启程回京
秋风习习,空气中多了几分干燥。
白鸟惊枝,落在了窗台上。
江凛睁开眼来,冲那训练有素的信鸽勾了勾手指,鸽子立马飞到了他手边桌上,坐在对面的江凌羽抓耳挠腮,硬是看不出下一步棋该怎么走。
他最近在外面做风不收敛,落了不少话根,那些流言蜚语吹到父亲耳边,江凌羽合理怀疑,父亲今日肯定是要借着下棋的名堂来教训自己一番。
所以每一步棋子都走得小心翼翼。
江凛拆开信来,看完之后,眉头紧皱。
有其他烦心事找上他,江凌羽隐隐觉得自己能逃过这一劫了,于是开口转移话题道:“爹,发生何事了?”
“自己看。”
江凛没好气的把信往棋盘上一扔,江凌羽立马拿起来,刚看了一眼,就忍不住“哟”了声。
信上管家禀报,现如今边塞及禄城,“江家酒楼”快要破二十家,其中面积较小的是以沈秋霜的名义开着,而真正赚大钱的那些,都是她找当地的富商合资开起来的。
但坏就坏在,那些酒楼的名义都不在沈秋霜手里,其中还涉猎出去丝绸首饰及胭脂水粉的售卖,路子颇广。
看完之后,江凌羽立马猜出了家主的烦心事,难怪之前大哥去没套出来底细,还赔了个庄园进去。
原来是他们压根不把财产握在手里。
江凌羽头脑简单,直言不讳道:“爹,看来我们还是低估三弟跟弟媳了,他们做生意赚钱的脑子可厉害了……”
光是看到那些财产,江凌羽就忍不住礼貌起来,毕竟照着这个趋势在发展几年,江凌风说不定就能成为富甲一方的有钱人。
现在还是不要得罪为好。
看着儿子这幅势利眼的模样,江凛狠狠瞪了他一眼,又不好指责,气得抬眼看门外,不想看到江凌羽那张脸。
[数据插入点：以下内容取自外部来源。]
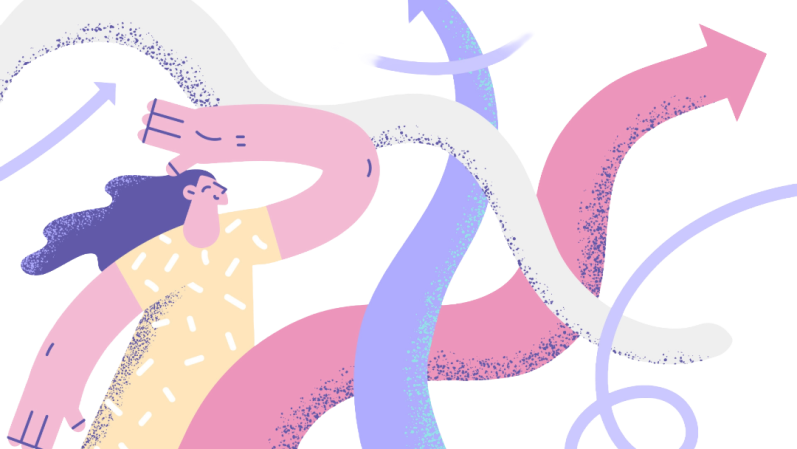 Text: "Greenwashing is bullshit" with an illustration of a person holding a globe.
他高深道:“我之前还觉得丞相家的嫡女很是机警聪明,现如今才发觉,他跟江凌风一样,都是蠢货。”
“啊?”江凌羽没听懂。
江凛解释说道:“明明投了大量赢钱进去的产业,却不想着把产权握在自己手里,一旦被合作商坑了,那连本都别想要回来。”
“爹说的对!”
江凌羽一拍手,道:“废物就是废物,给再多机会运气再好,都难以成大器,还是要爹爹出马,才能保住那些产业。”
此时,千里之外。
沈秋霜临走前要交代太多琐碎又重要的事了,于是从一大清早就忙活起来,逐个一一交代,说的口干舌燥。
管家在回廊上碰到江凌风,看他手中端了托盘,还不明所以道:“三公子这是要去哪儿?我帮您端吧,这茶看起来好烫。”
“不必。”江凌风淡声说道:“我给霜儿送口喝的过去,路很熟了,你忙你的吧。”
“是。”
管家回头看了眼江凌风远去的背影,心中狠狠啐了口,暗道:真是没出息,男子汉大丈夫,谁不是在兢兢业业赚银两,偏你围着老婆转,浑身上下掏不出二两胆。